I only went this time because work organised some (relatively) cheap tickets and the cast included a couple of big names, i.e. Stephen Fry and Roger Lloyd Pack in the character roles Malvolio and Sir Andrew Aguecheek, and Mark Rylance staring as Olivia.
The Globe soon shows you why they stopped making theatres like that. The climb up to the gods is steep and when you get there you are greeted by a narrow wooden bench.
The more famous place to watch plays is in the pit that is open to the elements and on the night that I went that meant wearing something seriously weather-proof. And warm.Even in what passes for indoors a winter coat was needed.
I respect the experiment of rebuilding a period theatre but, to be honest, I think that it was the wrong direction to take from a theatrical view-point. Personally I prefer the modern route that the RSC has taken at Stratford upon Avon. The tourists seem to love The Globe though.

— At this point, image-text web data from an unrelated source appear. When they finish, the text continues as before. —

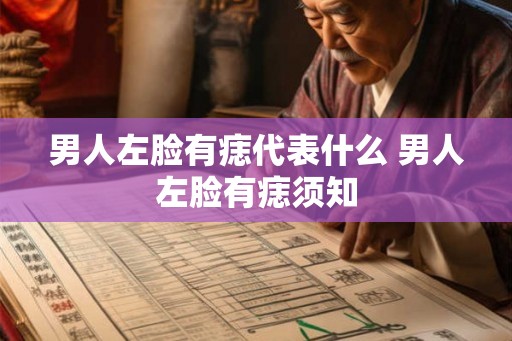 男人左脸有痣代表什么 男人左脸有痣须知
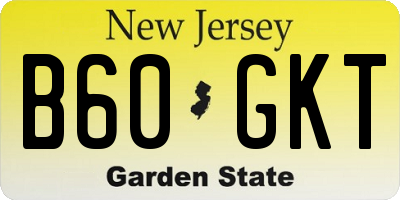 NJ license plate B60GKT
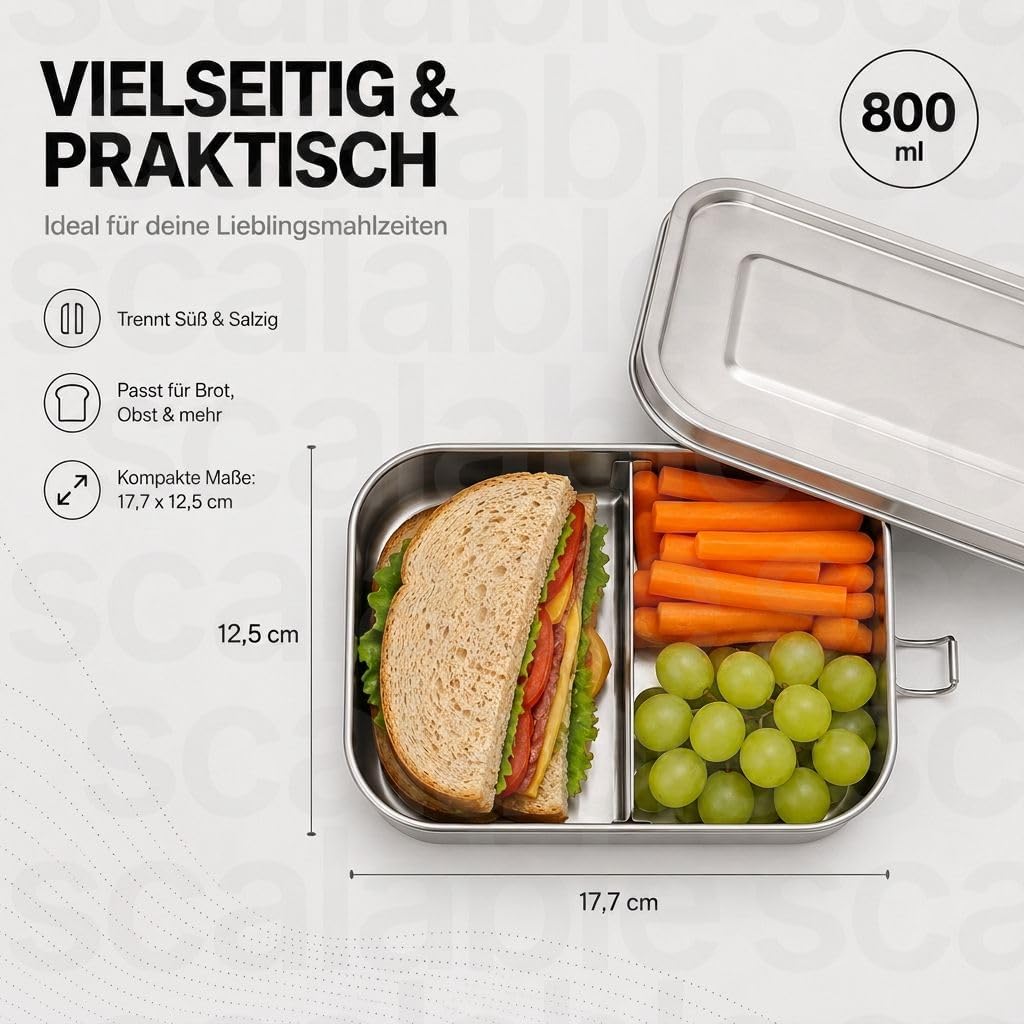 800ml Brotdose, Lunchbox, Brotdose Kinder mit Fächern, Bento Box Kinder, Jausenbox, Lunchbox Erwachs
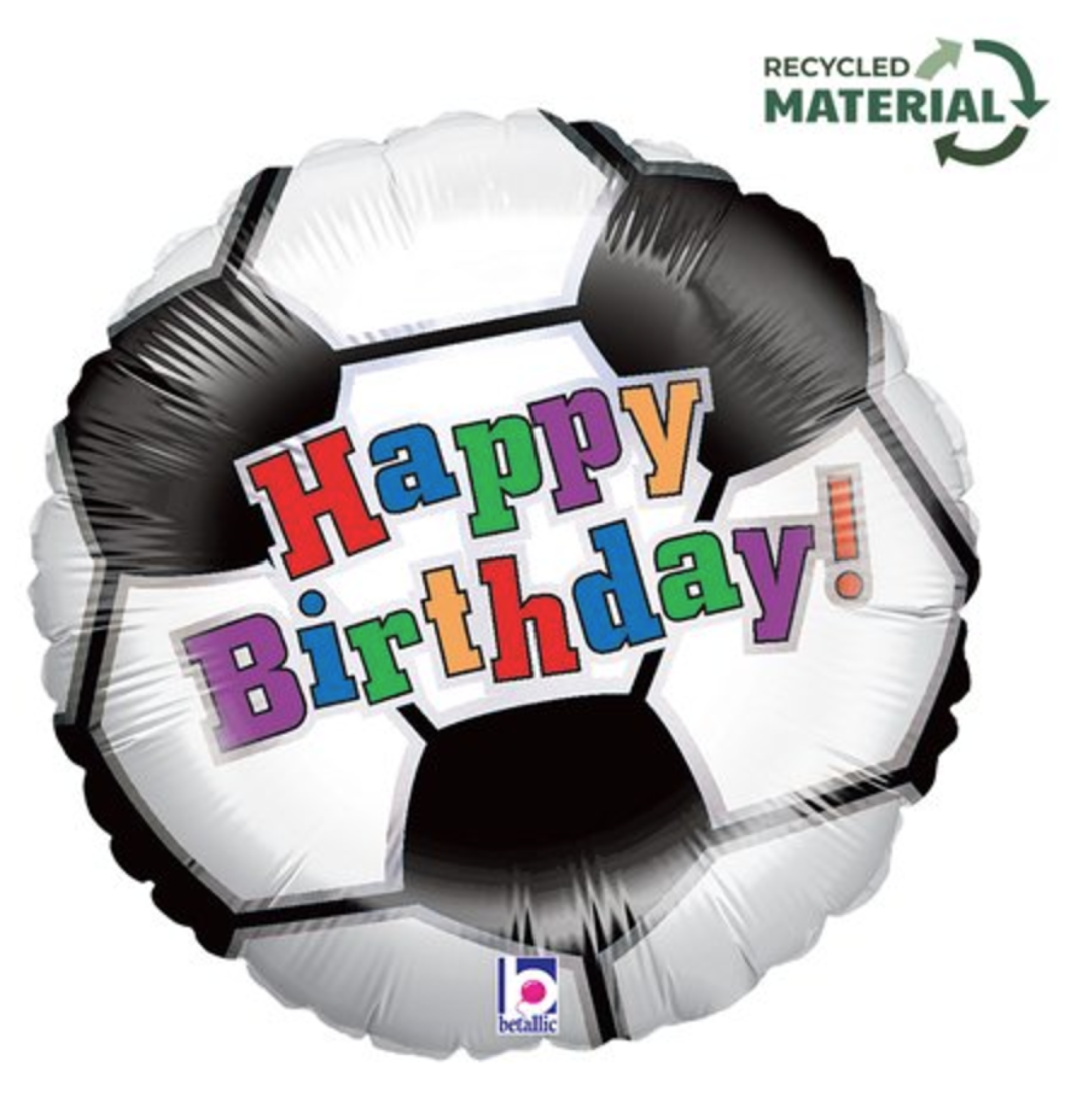 Folienballon - Happy Birthday, Fußball - ø 46cm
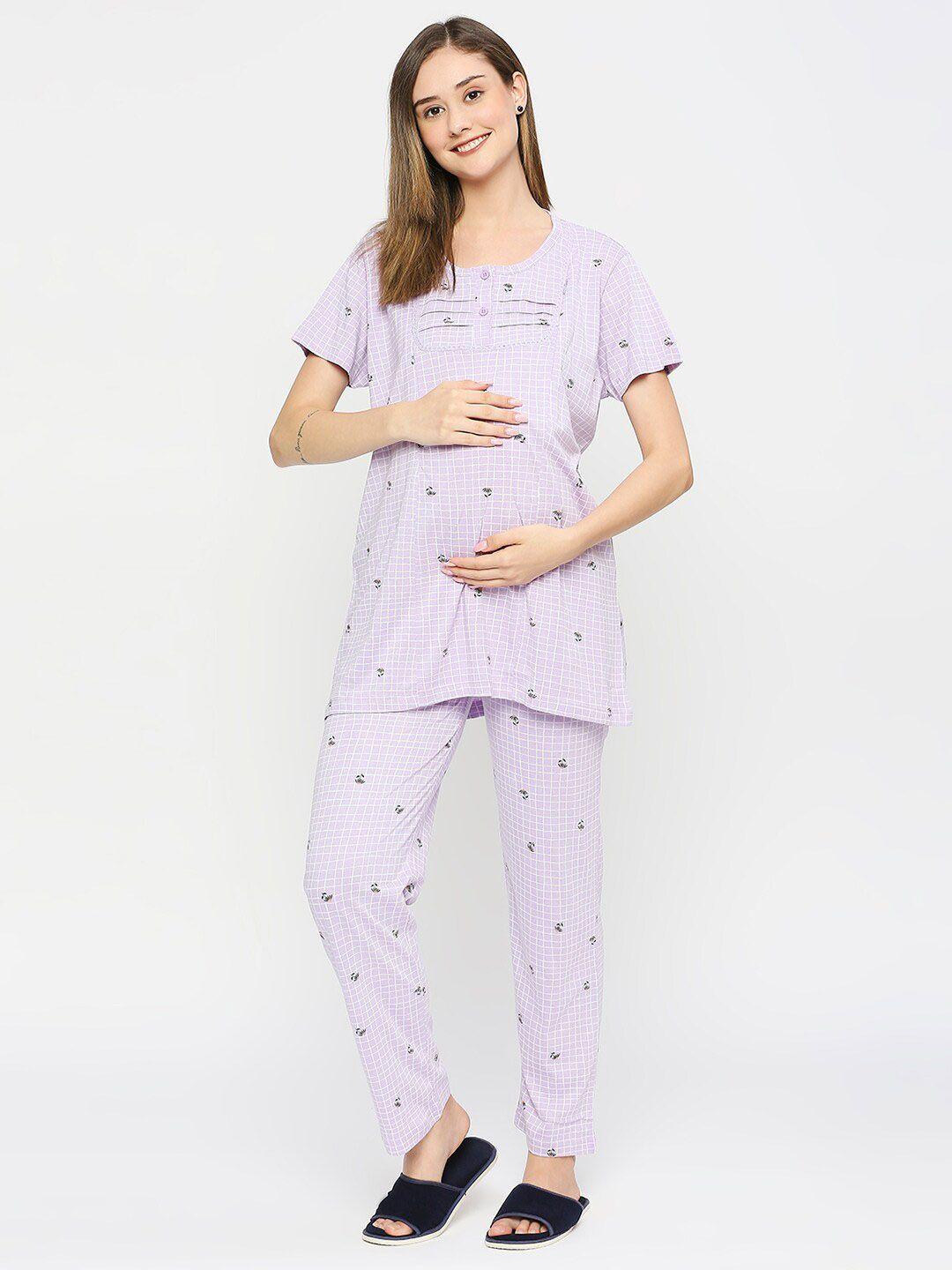 meemee checked maternity pure cotton night suit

This production of Twelfth Night has an all-male cast, as it would have had in Shakespeare's time. I had seen all-male Shakespeare before and loved it then so that was another attraction for me this time.
For most of the play the main character is a man playing a woman who is pretending to be a man. And, thinking that she is a man, another woman falls in love with her.

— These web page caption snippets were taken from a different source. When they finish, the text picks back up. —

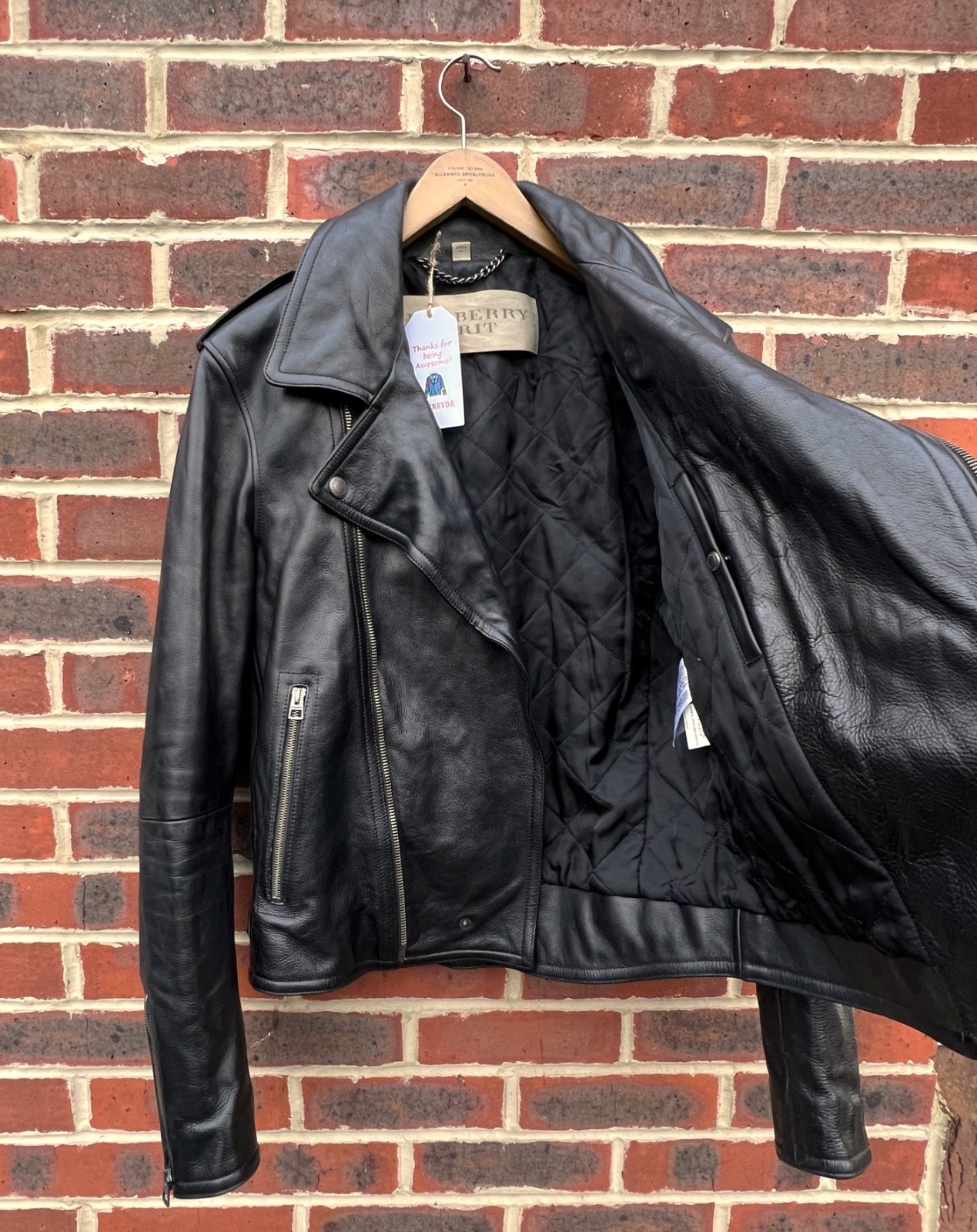 Burberry Brit Mens Leather Biker Jacket MEDIUM Black Sample Prorsum Heavyweight image 8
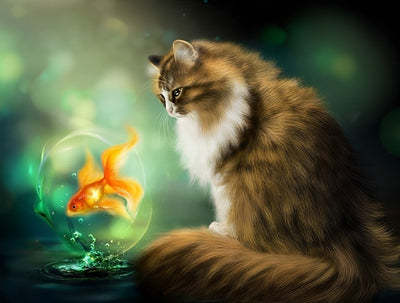 Katze und Goldfisch Diamond Painting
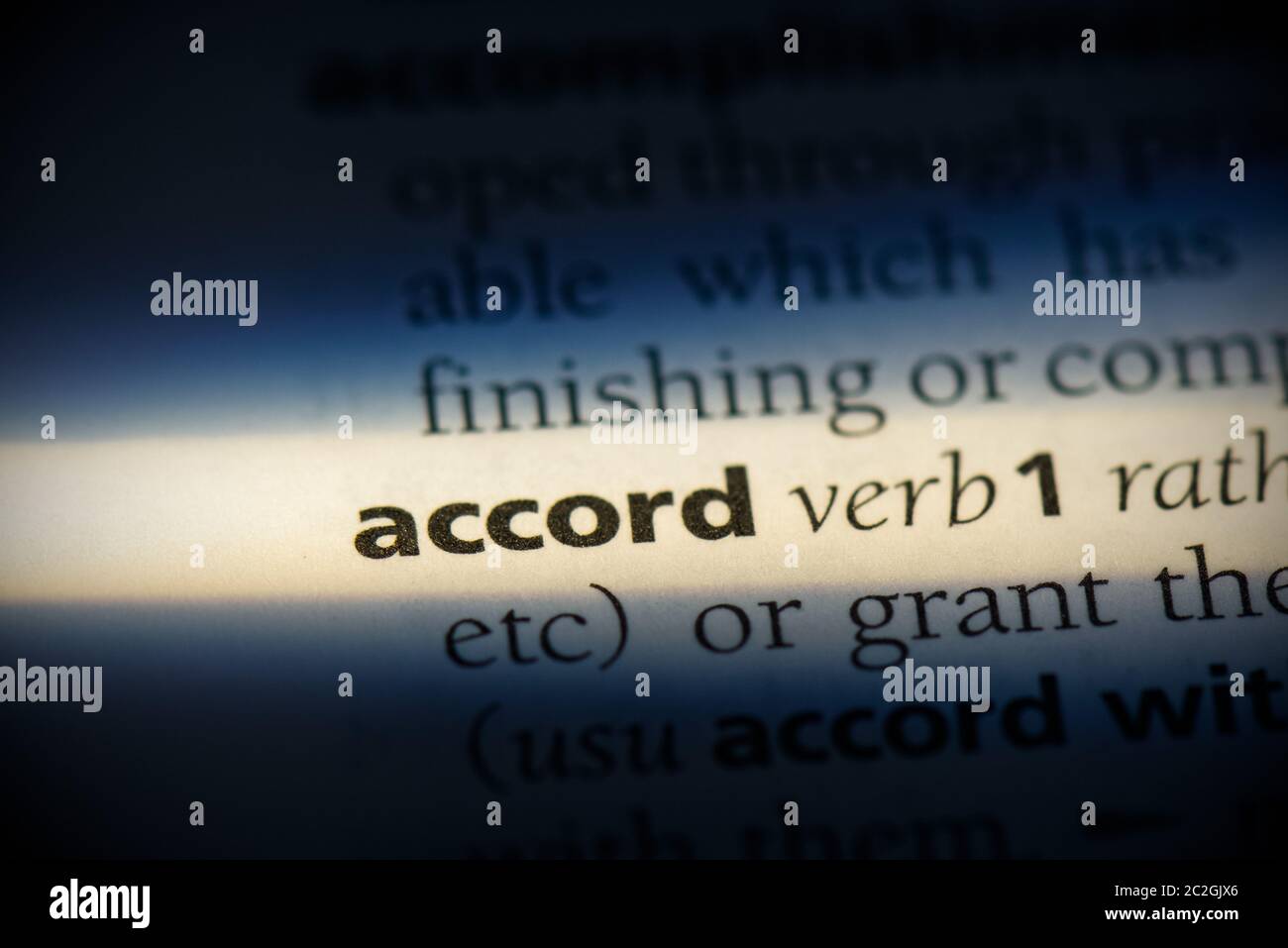 accord word in a dictionary. accord concept, definition Stock Photo Alamy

She also has a brother who looks just like her.
A lot of the comedy comes from the flirting that goes on between the mixed sexes.
More comedy comes from the supporting character roles.
Stephen Fry is getting most of the press because he is Stephen Fry. He plays Malvolio just as you would expect him to, with superciliousness and pathos. All this makes for a lot of fun when he is tricked but we do not really see the bad side of his character that led to him being tricked in the first place and which gave him his name.
Not that this really matters. This is a comedy with a paper-thin plot so the comedy element is far more important than any attempt at realism.
Roger Lloyd Pack is brilliantly hapless as Sir Andrew Aguecheek.
The direction plucks all the humour that it can out of the plot and the characters and there is always a lot going on with movements and expressions.
After a slow start that felt a little jilted at times there were plenty of laugh-out-loud moments that even the rain and the cold could not suppress.